Thursday, March 20, 2008

Not A Collaborative Articulation of Shared Purposes

As I sat through the second day of a continuing medical education course, I was confronted by a hypothetical in which a 59 year old Mexican-American man presented with high blood pressure, obesity, diabetes, and abnormal blood fats. The instructor emphasized that this man was at very high risk of a heart attack or stroke. The instructor and audience carefuly considered the diagnostic and treatment program needed to reduce this man's very high risks of death and disability related to diabetes, arteriosclerosis, heart and blood vessel disease and high blood pressure.

As I listened to the expert instructor's exquisite analysis, it struck me that the wrong questions were being asked. This man was approaching the end of his disease shortened lifespan because when he was 19 years old, no one was interested in intervening and preventing or ameliorating the diseases he was genetically programmed to develop. Why not?

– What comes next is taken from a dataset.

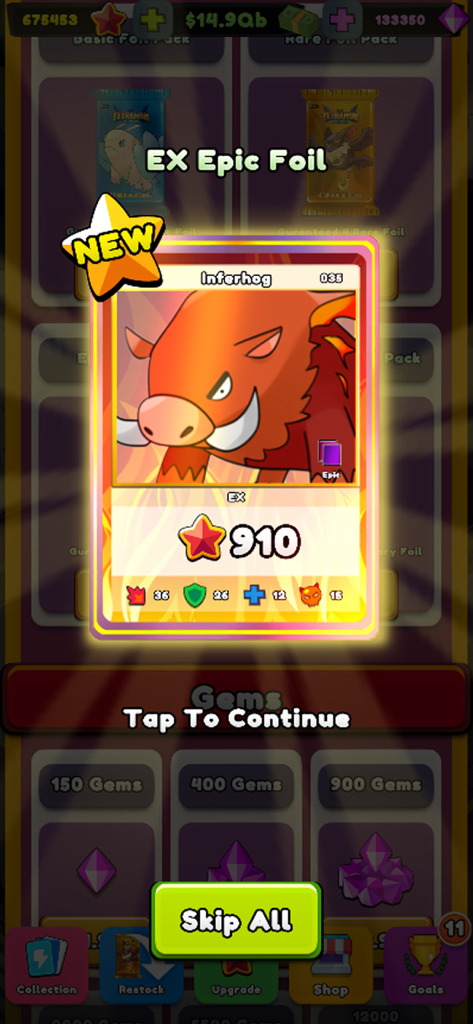 TCG Card Shop Tycoon Simulator - An EX Epic Foil Inferhog card reveal in the TCG Card Shop Tycoon Simulator app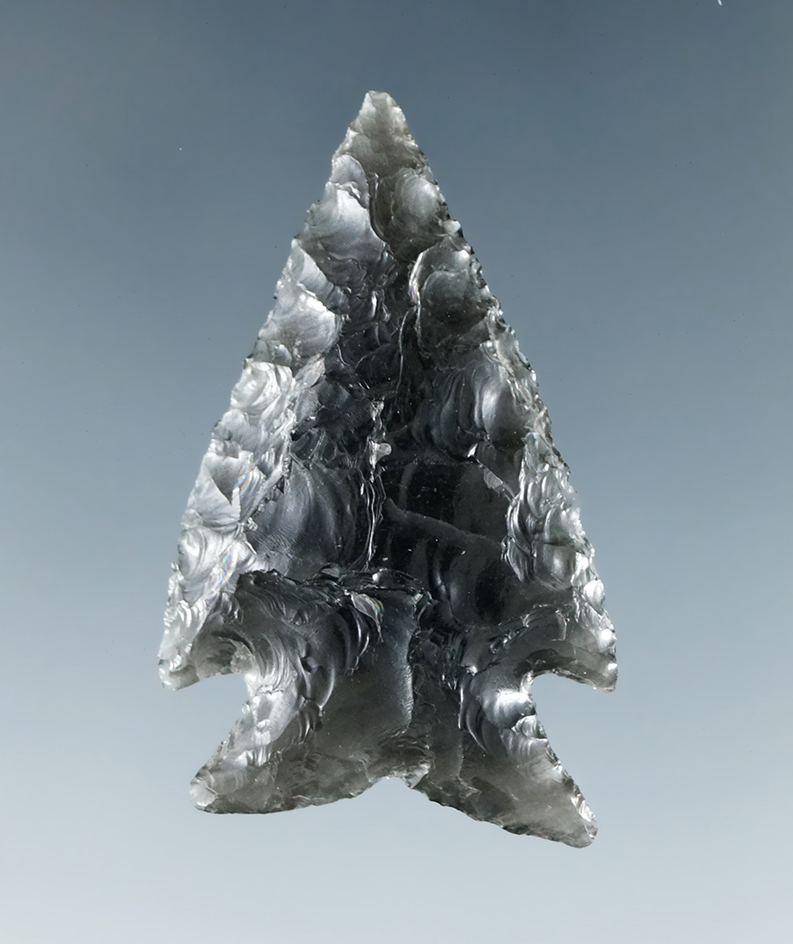 1 5/8" obsidian Elko found by Charles Mitchell in Humboldt County Nevada. Very nicely styled.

Our health care system's insurers, PPOs and HMOs, had no incentive to spend a significant amount of money on a man who would likely be the customer of a competitor when he finally developed expensive serious sickness. In previous blogs, I have described the practice of employers to frequently shift insurers, PPOs and HMOs to save money. Perhaps Kaiser, which works hard to retain members, might have a long-term interest in its members' health. But most of the country's health care is not provided through Kaiser. For the working population it is provided through relatively few insurers, PPOs and HMOs which focus on short term profits and yearly executive bonuses rather than long term health of clients. And it is left to Medicare to pick up the costs of caring for the disabled and elderly who may have been victims of systemic neglect early in their lives, when intervention might have made a big difference.

We have a dysfunctional expensive and wasteful health care system in which the principal players have disparate goals and in which the intention is not to further the health of our nation but to game the system, maximize profits and leave it to others to pick up the shattered lives of unhealthy Americans when they are - for example - 59. Let's all agree that we must take care of our young people, when that intervention can make a major difference in their lives, their health, their contribution to our nation and its economy, and our common good.